[Sé bòrnjòl] (n. pr. OBSEQ.)
On peut considérer comme une gloire patronymique la mutation d’un nom de famille en expression. Du on n’est pas chez Bocuse marquant la différence de qualité de mets proposés d’avec celle de ceux du triple étoilé, à être comme l’âne de Buridan en passant par faire un inventaire à la Prévert, c’est un peu l’âme du sus-nommé qui resurgit à chaque fois, y compris quand il est encore bien vivant comme c’est le cas du maître de la cuisine française, et on aime user de leur prestige dans la conversation.
Il existe comme en toute chose de la langue de Molière (tiens, encore une autre), une exception qui viendra donc confirmer la règle comme on vous le répète depuis le CE1: Borniol.
Borniol est l’exception en question. Ou plus précisément chez Borniol.

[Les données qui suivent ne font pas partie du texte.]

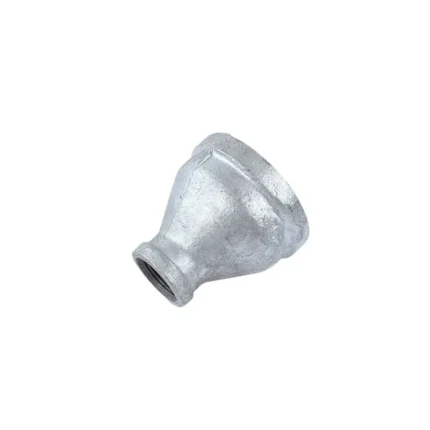 REDUCCION CAMPANA DE 2    " A   3/4" GALVANIZADA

Même si aucune étude n’a pu être effectuée chez les clients de la maison Borniol, créée par Henri de Borniol en 1820, nous sommes en mesure d’affirmer sans crainte d’être contredits que nul n’est jamais très heureux de se retrouver chez Borniol.

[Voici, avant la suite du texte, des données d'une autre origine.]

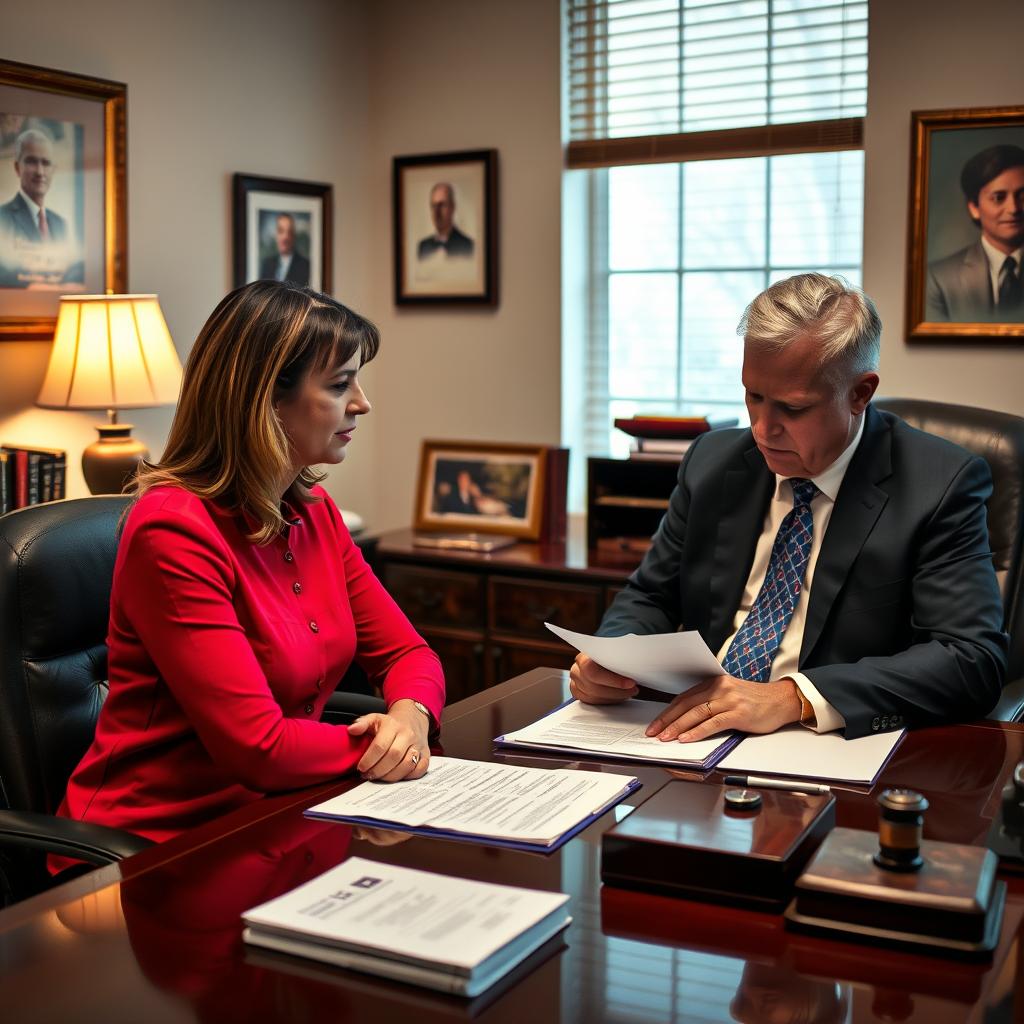 Habitual Offender Lawyer Botetourt County, VA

La plus vieille maison française de pompes funèbres et de protocole funéraire, fleuron de la mise en bière et de la pose d’imposantes tentures noires qui vont jusqu’à porter son nom, est en effet le cœur battant d’une expression pour cœur flanchant. On proposera d’aller se faire voir chez Borniol à un contradicteur auquel on ne souhaite que la fin, on dira d’un malade qu’il est dans l’antichambre de chez Borniol quand les médecins useront de mots compliqués et de périphrases tordues pour décrire son état, et la maison poulaga attendra les emballeurs de chez Borniol sur les lieux du crime crapuleux.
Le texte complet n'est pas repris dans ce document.